Anak usia usia dini/Taman Kanak-kanak sesungguhnya sangat polos dalam berbicara, tidak mudah untuk dibuat rekayasa oleh orang dewasa, memiliki kejujuran yang tinggi, dan keterbatasan dalam mengungkapkan gagasannya. Hal ini mengakibatkan mereka berbicara apa adanya. Perilaku mereka pun belum stabil, mereka mudah tertantang pada kondisi lingkungan, kepribadian dan banyak faktor lain yang turut mempengaruhinya. Dalam pembahasan ini diuraikan tentang alat dan contoh-contoh penggunaan penilaian, khususnya dalam pengembangan nilai moral anak usia dini/Taman Kanak-kanak.

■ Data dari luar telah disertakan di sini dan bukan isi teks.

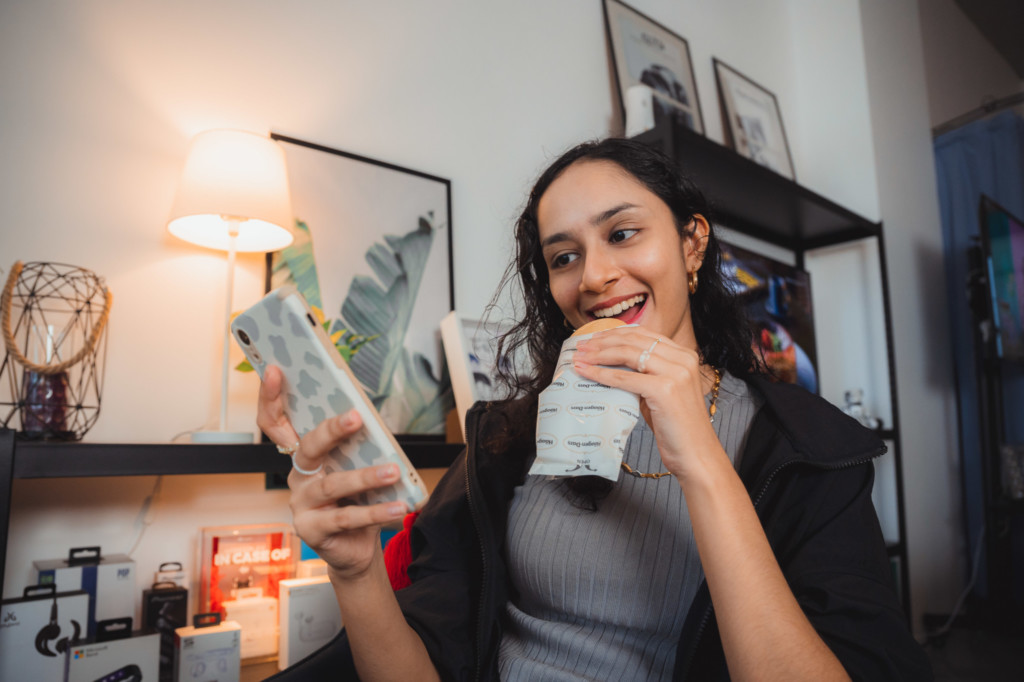 Häagen-Dazs Barista Collection: Sandwich Eating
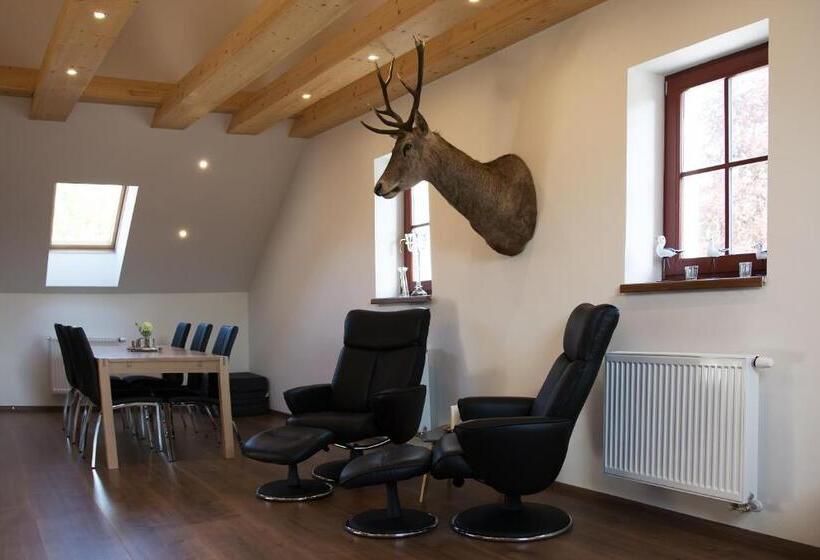Family Suite, Hubert
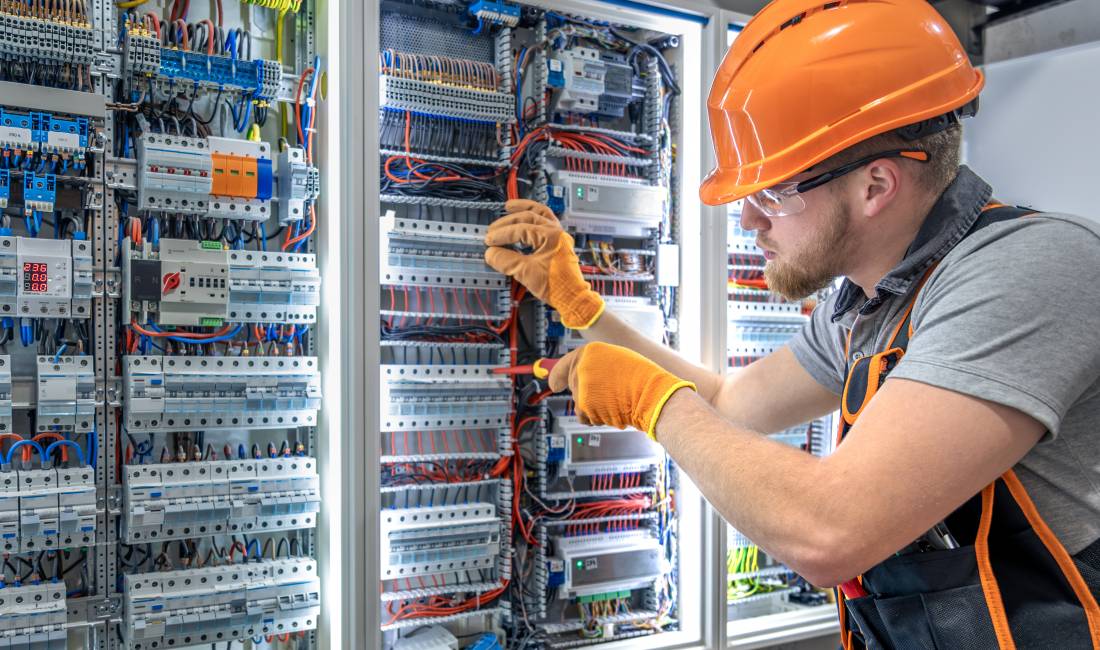 Njoftime Pune ne Tirane, Profesioni Elektricist , Me eksperience, Pagesa 80,000  Leke.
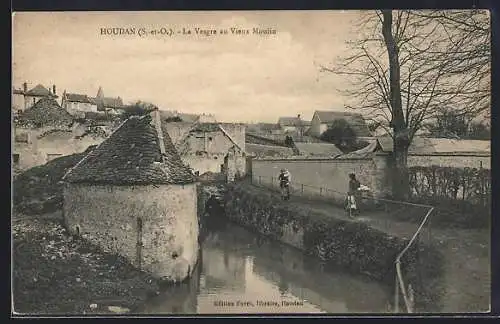 AK Houdan /S.-et-O., La Vesgre au Vieux Moulin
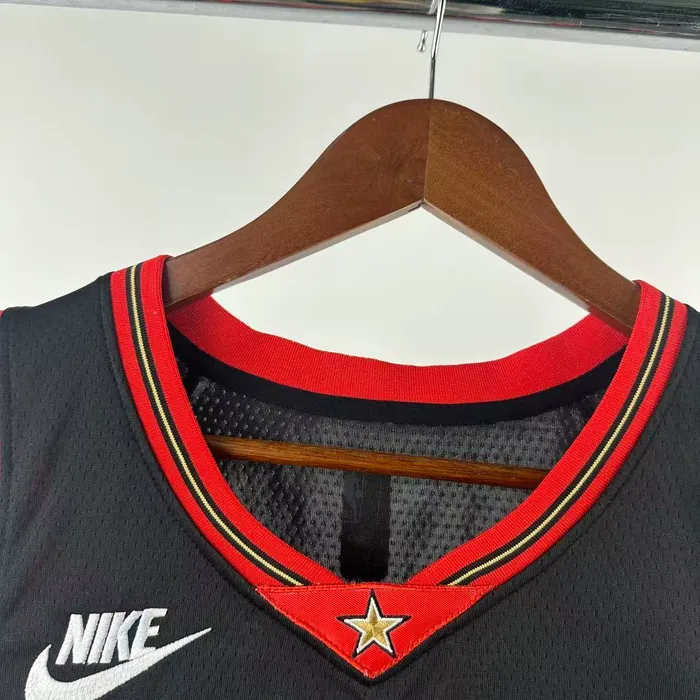 Regata Philadelphia 76ers Classic Edition 2025/26, foto 2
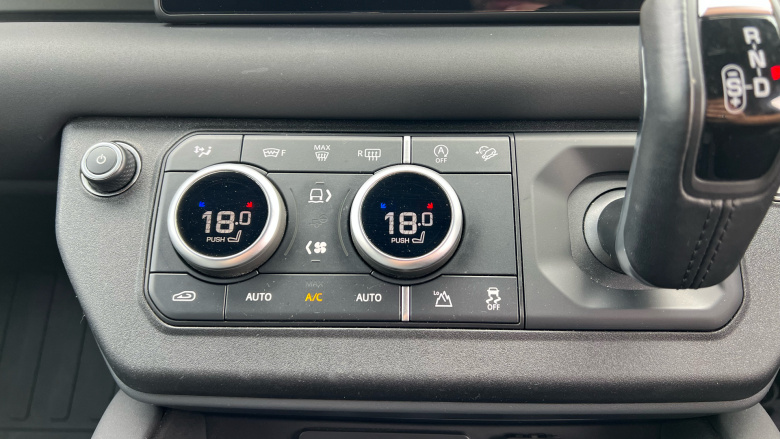 Land Rover Defender 2.0 P300 X-Dynamic SE 90 3dr Auto Petrol Estate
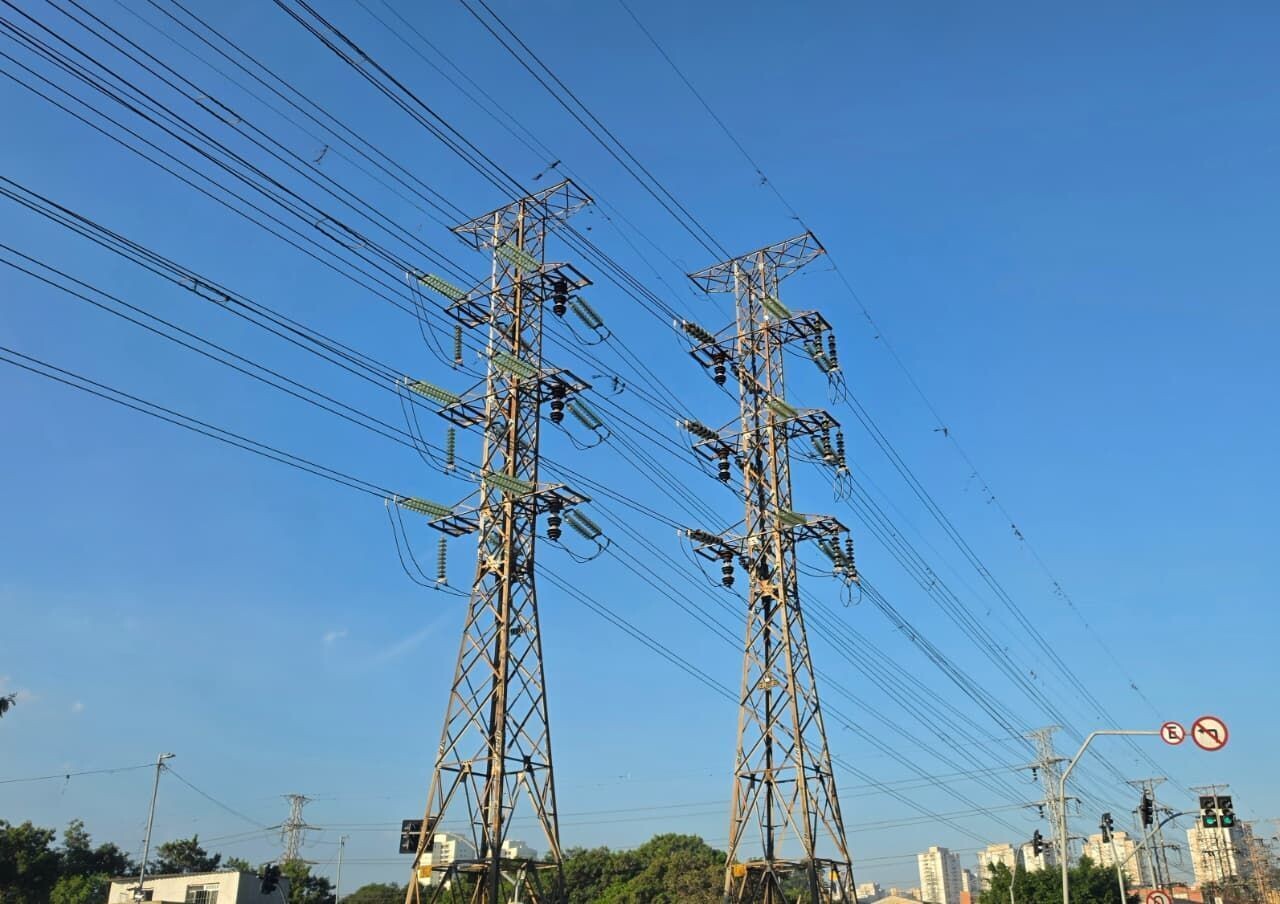 Governo deve assinar renovação de 14 distribuidoras em maio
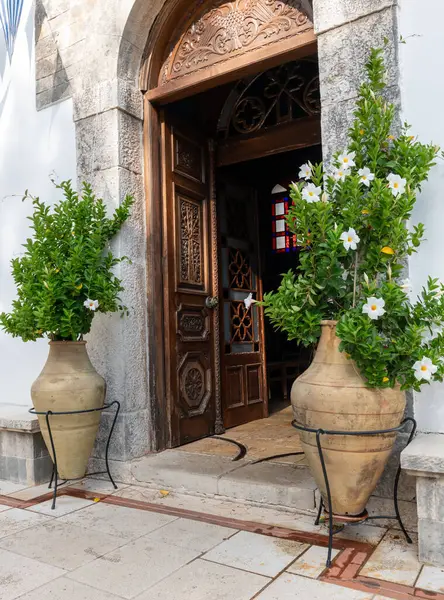 Lefkada adası. Yunanistan 10.23.2023.Faneromeni Manastırı 'nın ana kilisesinin girişi..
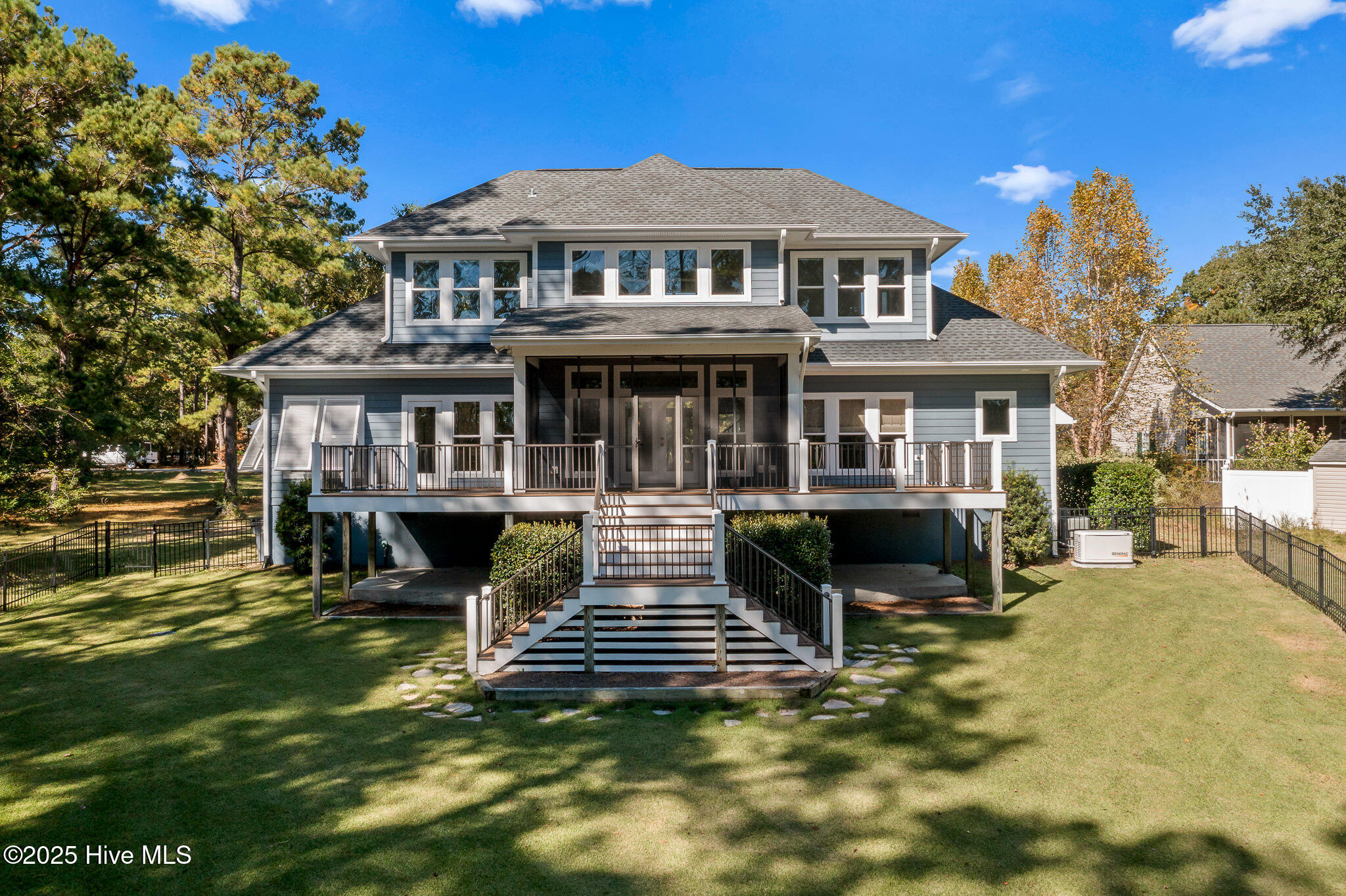 100540412 | Photo 65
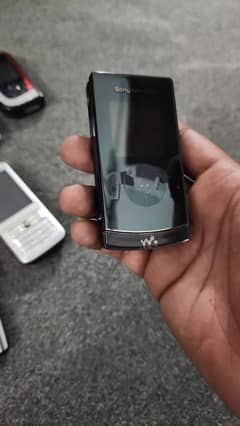 blackberry and sony ericsson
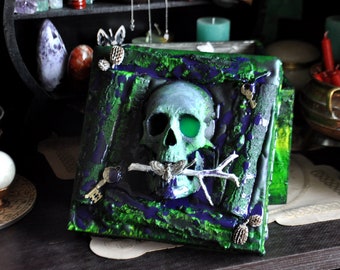 Skull Dead Head Moth trinket box. Medium box for candles, crystals, tarot cards, runes and other witch stuff, Halloween decor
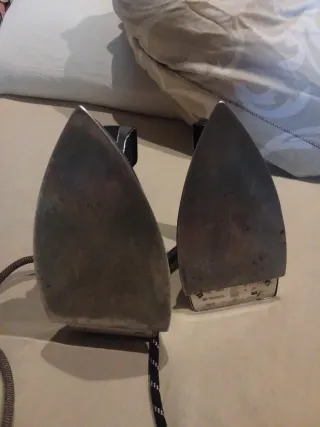 Planchas antiguas (2 unidades)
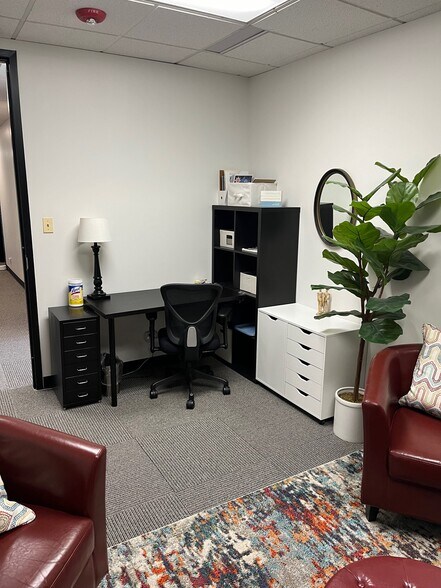 More Photos Of 2600 Warrenville Rd, Downers Grove Office For Lease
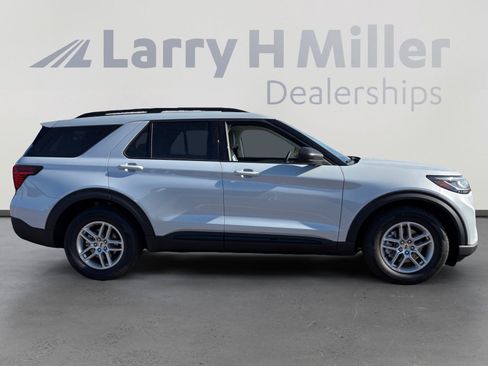 New 2026 Ford Explorer Active w/ Active Comfort Package image 6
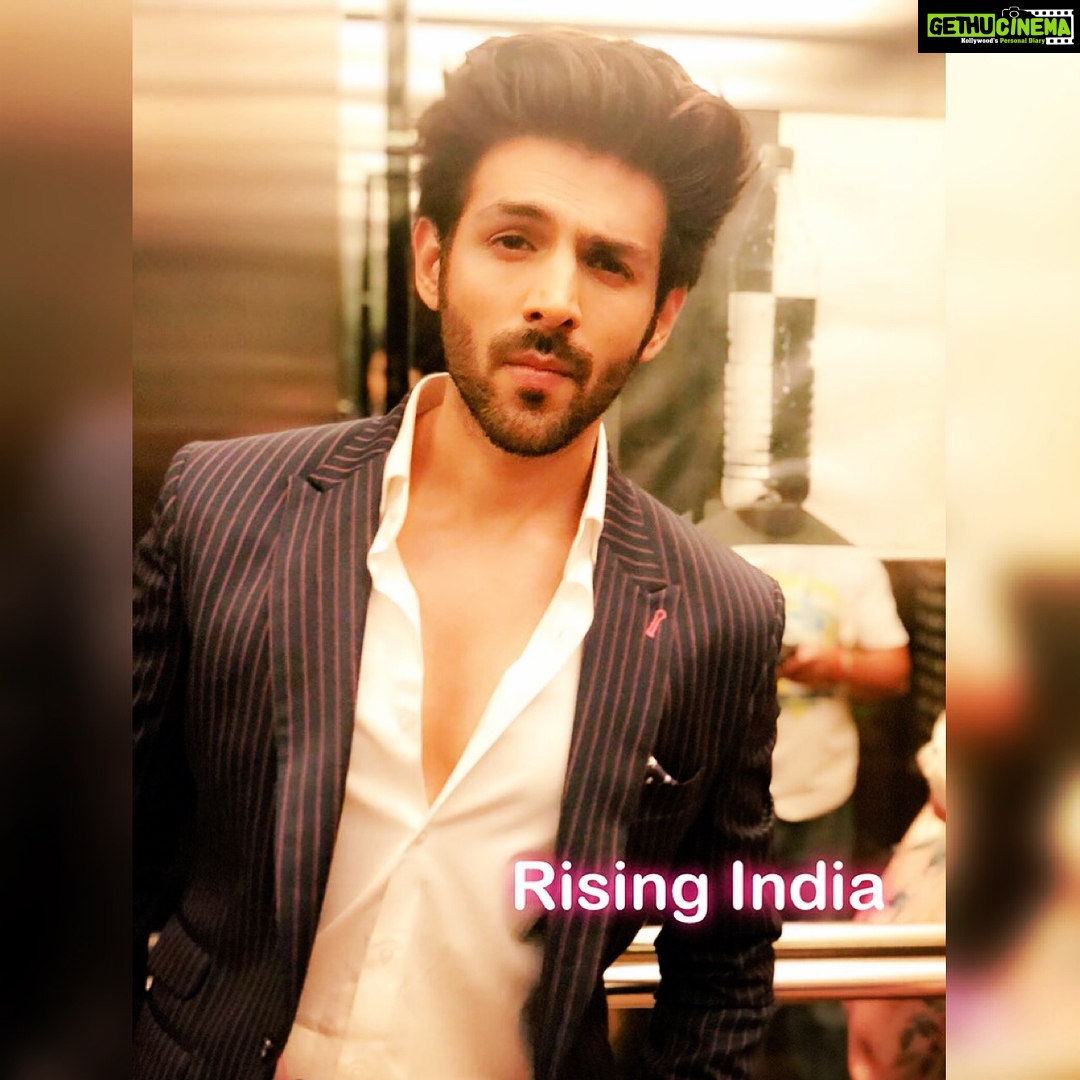 Kartik Aaryan Instagram - Thank you #News18 for the Youth Icon Title 🙏🏻 #News18RisingIndiaSummit Styled by @thetyagiakshay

Mengingat bahasan ini hanya pada masalah penilaian untuk pengembangan nilai-nilai moral dan agama anak usia dini/Taman Kanak-kanak, maka dalam menentukan alat penilaian pun tulisan ini hanya mengaitkan hal itu dengan alat yang memungkinkan guru dapat memantau, memonitor, dan merekam kondisi objektif dari perilaku anak sehari-hari selama di sekolah. Alat pendukung untuk tujuan tersebut yang mendekati prinsip kesesuaian adalah penilaian kinerja, pengamatan, dan percakapan. Di samping itu, pencatatan anekdot (anecdotal record) juga diperlukan untuk mengamati perkembangan anak dalam kaitannya dengan pengembangan nilai-nilai moral dan agama.